④Antibody production: Due to the continuous improvement of preparation purity, the rate of antibody production has been reduced, and even less for aqueous preparations;

⑤ Femoral head slippage and necrosis: because the growth of bones is accelerated and muscle strength is increased after treatment, the increased movement is likely to cause femoral head slippage, aseptic necrosis and lameness, and also knee and hip pain, which is externally rotated pathology, GH can be temporarily discontinued and treated with vitamin D and calcium tablets

(6) Local redness or rash of injection: usually disappears within a few days and can be continued, but it is now rare.

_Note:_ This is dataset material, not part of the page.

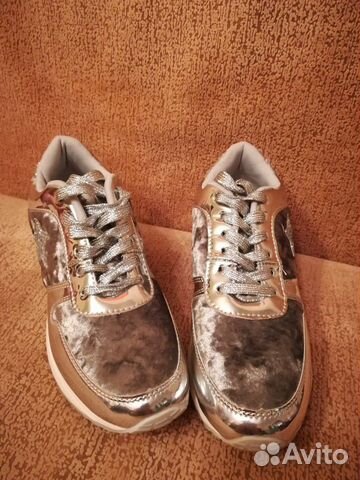 Новые женские кросовки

(7) Possibility of tumor induction: International organizations have conducted relevant research studies, and according to a large amount of epidemiological data from academic institutions such as the National Cooperative Growth Group and Drug Therapy Research Center, including comprehensive analysis of population information such as age, gender and race of tumor patients, the results show that GH treatment does not increase the risk of leukemia occurrence and tumor recurrence in children without potential tumor risk factors, but for However, for those who have had tumor, have family genetic tendency of tumor occurrence, malformation syndrome, caution is needed when long-term supraphysiological dose of GH is applied, and serum IGF-1 level should be closely monitored during treatment, and those who exceed the normal reference value +2SD should be temporarily stopped.

3. Other drugs.

①The supplementation of calcium and trace elements should be paid attention to during the course of treatment for the bone growth required;

②Anabolic hormone: often used with growth hormone to treat Turner syndrome, most domestic use stanozolol (Conilon), the common dose of 0.025-0.05J/(K.d) need to pay attention to the growth of bone age;

③IGF-1 gonadal axis inhibition (GnRHa), aromatase inhibitors (Letrozole, Letrozole) have also been used to treat short stature, but there is not enough information to analyze in China, so it is not recommended for routine application.

Follow-up]

All children diagnosed with short stature should be followed up every 3 months. Those who are treated with growth hormone should be followed up once every 3 months: height measurement (SSDS measurement is best), IGF-1, IGFBP-3, T4, TSH, blood glucose and insulin tests should be performed here, so that the GH dose and thyroid hormone supplementation can be adjusted in time. Bone age should be checked once a year. Sexual development should be observed during the course of treatment and treated as needed. Regular repeat cranial MRI scans should be noted for suspected intracranial lesions.